Blake Griffin has been involved with USA Basketball since before he began his collegiate career. Despite dominating at the NCAA level for two years and establishing himself as one of the best players on Earth in the interim, though, the Los Angeles Clippers superstar has yet to officially suit up for the red, white, and blue.
Why? Injuries and a general concern for wear and tear have sidelined Griffin at multiple turns just before he was primed to make his long-awaited debut with Team USA. He was named to the 2012 Olympic team but was ultimately forced to stay home due to a knee injury, and withdrew from consideration for the 2014 FIBA World Cup squad six weeks before competition to focus on preparing for his subsequent season with the Clippers.
Could the unique circumstances behind Griffin’s current hand injury prompt him to miss yet another opportunity to play for his country at this summer’s Olympic Games? Not according to USA Basketball Chairman Jerry Colangelo.
Griffin, of course, punched Los Angeles staffer and close friend Matias Testi following an argument in late January. He had immediately had surgery to repair a broken fourth metacarpal in his right hand and has been sidelined ever since.
Though there’s timetable for the five-time All-Star’s return to the floor, he’s expected to appear for the Clippers before the playoffs begin in mid April. Assuming he quickly regains the all-court offensive prowess that’s made him one of game’s most devastating playmakers over the past couple years, Griffin’s potential presence for Team USA will surely warrant serious scrutiny when it comes to the forthcoming Games in Rio de Janeiro.
Still, his chances to debut for USA Basketball this summer may be somewhat slim – even though he participated in the national program’s minicamp last August.

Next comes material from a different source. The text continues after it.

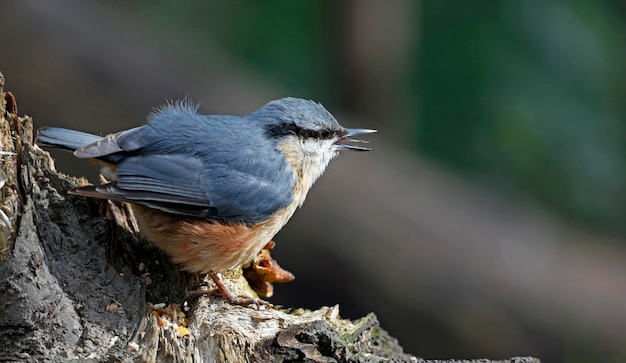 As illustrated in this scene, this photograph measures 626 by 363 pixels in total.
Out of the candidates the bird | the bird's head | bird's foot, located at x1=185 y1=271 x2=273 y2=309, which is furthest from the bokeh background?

It’s no secret that Colangelo, Mike Krzyzewski, and company value commitment and loyalty to a high degree in choosing the 12 players who will represent the country. LeBron James, Carmelo Anthony, Kevin Durant, and Anthony Davis are virtual shoo-ins for Team USA given that reality combined with their esteemed talent levels, and it’s fair to say DeMarcus Cousins, Andre Drummond, and Paul George may be ahead of Griffin in the frontcourt pecking order, too. Then there are USA Basketball upstarts like Kawhi Leonard and Draymond Green to consider.
Griffin’s path to Rio, basically, is more difficult than his standing in the NBA hierarchy suggests. He’s gifted enough to represent his country this summer; we believe he’d be a member of the best possible Team USA roster, in fact. But there’s nothing guaranteed for Griffin with regard to the 2016 Olympics, even if his unfortunate off-court run-in ultimately won’t affect him one way or another.